Banks tighten credit standards, loan demand wanes

Loan demand is flagging in all major categories and, at the same time, bankers are raising the bar on who qualifies for credit, setting the stage for slower growth in 2023.

The Federal Reserve's latest quarterly senior loan officer opinion survey, released late Monday, found bankers reporting weaker demand and tighter standards across commercial-and-industrial, commercial real estate, mortgages and consumer loans. Banks tend to become more selective with lending when they worry about looming economic sluggishness and the related potential for more borrowers to miss loan payments.

Amid rapidly rising interest rates and stubbornly high inflation, bankers throughout the fourth-quarter earnings season warned they are preparing for at least a mild recession this year.

"Overall, the survey paints a sobering picture of the state of loan demand and standards," Piper Sandler analyst Scott Siefers said. "On the one hand, such dynamics are logical considering the softening economic picture. But on the other, they reinforce the notion of a weakening revenue backdrop and uncertain credit environment."

The Fed said it received responses from 69 domestic banks and 18 U.S. branches and agencies of foreign banks. Banks received the survey in December and responses were due by Jan. 6.

A Bank Of America Corp. Branch Ahead Of Earnings Figures
Bank of America and most peers expect slowing loan growth in 2023.

The slowdown in residential real estate lending arrived last year, when mortgage rates doubled. Now, consumer loans broadly — including credit cards, home equity and auto loans — are falling out of favor for the first time since 2020. Banks also have made it more challenging to qualify for such loans, according to the Fed survey.

On the CRE front, the survey found lighter demand and stricter standards for the third quarter in a row. Bankers have similarly reported growing more selective with C&I credits — and seeing waning demand — in recent surveys. These changes applied to both small and larger loans.

Alastair Borthwick, chief financial officer at Bank of America, said the Charlotte, North Carolina-based company expects to increase lending in 2023 at roughly half 2022's pace of 10%.

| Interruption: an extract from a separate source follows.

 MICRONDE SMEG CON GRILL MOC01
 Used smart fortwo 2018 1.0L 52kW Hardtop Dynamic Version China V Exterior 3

"It will be a quieter loan growth year," Borthwick said during the $3 trillion-asset bank's January earnings call.

Community bankers, too, say the operating environment is changing.

"I do think there is a sense of caution out there," Patrick Ryan, president and CEO of the $2.7 billion-asset First Bank in Hamilton, New Jersey, said in an interview. "Things are still moving along, but I'd say more slowly."

Following multiple rate hikes since last spring, borrowing costs are higher across all loan types. At the same time, business owners and consumers continue to grapple with high overall expenses. Inflation reached a 40-year high above 9% last June. It declined to 6.5% in December but remained three times higher than the Federal Reserve's preferred level of around 2%.

S&P Global Market Intelligence separately surveyed about 140 U.S. bank and credit union executives late in 2022, and two-thirds of them said they expect a recession and higher credit costs this year.

Terry Dolan, chief financial officer of U.S. Bancorp in Minneapolis, said more borrowers also are worried about inflation, high rates and forecasts for an economic downturn. The $675 billion-asset U.S. Bank anticipates a shallow recession this year, he said in an interview.

Loan growth of nearly 7% in the fourth quarter capped a strong overall year for the bank, Dolan said. The growth will continue, but it will likely "slow down some" throughout 2023, he said.

Analysts at D.A. Davidson said that in the past, when bankers grew cautious, challenging credit conditions tended to follow.

"This has proven to be a great leading indicator for turns in credit cycles," the Davidson analysts said in a report. "History has shown when banks go from easing underwriting standards to tightening, the bank group starts to enter the next phase of the credit cycle as net charge-offs begin to increase roughly one to three quarters later."